“My Life With James Dean”

A French Comedy

Amos Lassen

“My Life With James Dean” is the story of filmmaker Géraud Champreux (Johnny Rasse) who has been invited to a small Northern seaside town of Le Tréport in the Normandy region of France by the local film curator to screen his latest indie film.  His trip gets off to a bad start when a young boy steals his cell phone and his host Sylvie van Rood (Nathalie Richard) is missing and the only two employees at the cinema claim to know nothing about the special screening.

Géraud checks into the local hotel and he is relieved to find out that they are expecting him, although getting the rather eccentric receptionist to help is not easy.

Back at the cinema, the film has been found and the screening goes ahead playing to an audience of just one little old lady.  What she thinks of the very explicit gay film that Géraud has made is never made as to why they are showing such a graphic film in this provincial place.

Next morning Madame van den Rood appears and is apologetic. It seems that her roller-coast love life with her girlfriend took a turn for the worse. Meanwhile, Balthazar (Mickael Pelissier) the very young cinema projectionist who Géraud had spoken with briefly has declared his undying love for the filmmaker.

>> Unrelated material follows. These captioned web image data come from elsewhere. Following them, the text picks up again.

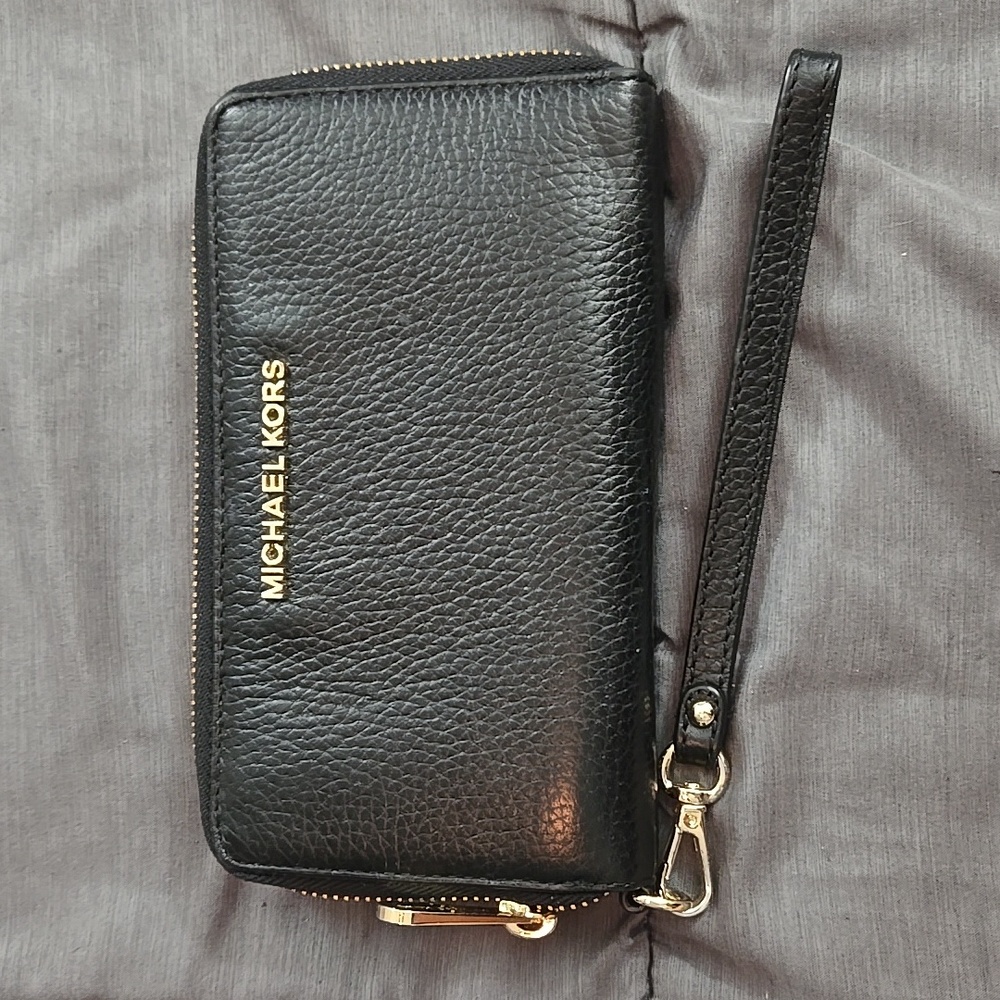 Michael Kors Wristlet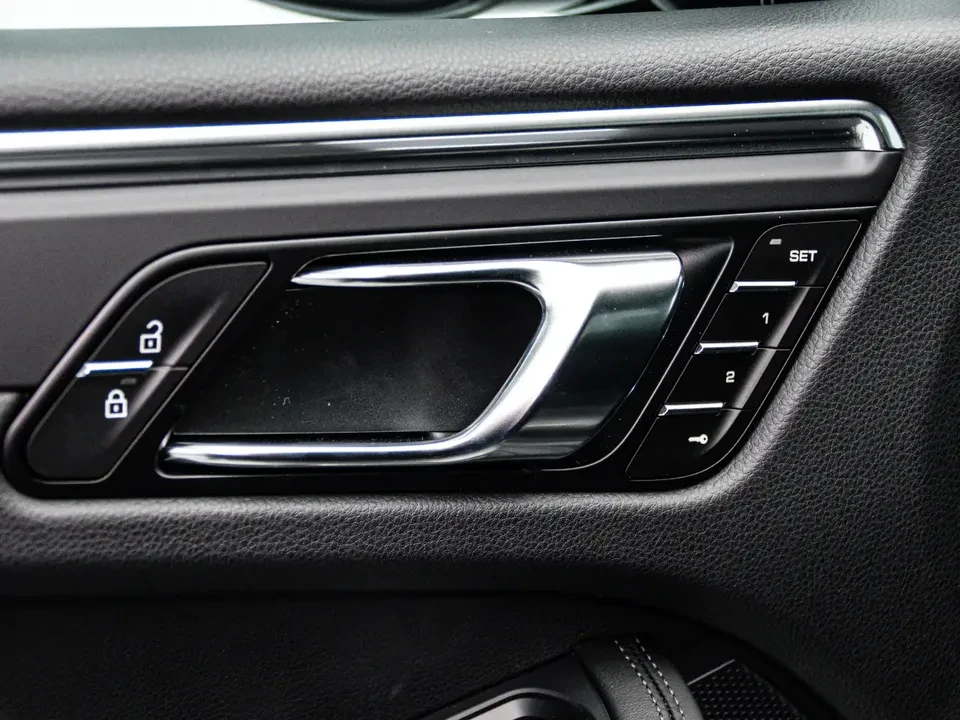 2026 Porsche Macan Electric - Image 20 of 20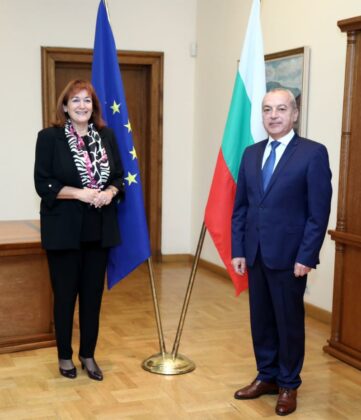 Дубравка Шуица и Гълъб Донев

Life gets even more complicated when the star of the  film also turns up to explain that his relationship with Géraud is definitely over at about the same time, Géraud learns that Balthazar is jail bait, plus the little old lady who has been seeing the movie every night, is none other than Géraud’s estranged mother. Can it get any crazier?

While the plot is both crazy and silly but it has a wonderful level of warmth throughout that makes it such a pleasure to watch. Writer/director Dominique Choisy’s film is irresistibly bizarre, at times dizzyingly romantic and erotic and at other times intense. It is also a love letter to independent cinema in France n that it is a rare film whose constant twists and turns genuinely surprise and grip you – sometimes in laughter and sometimes by the throat – up until the very last moment on screen.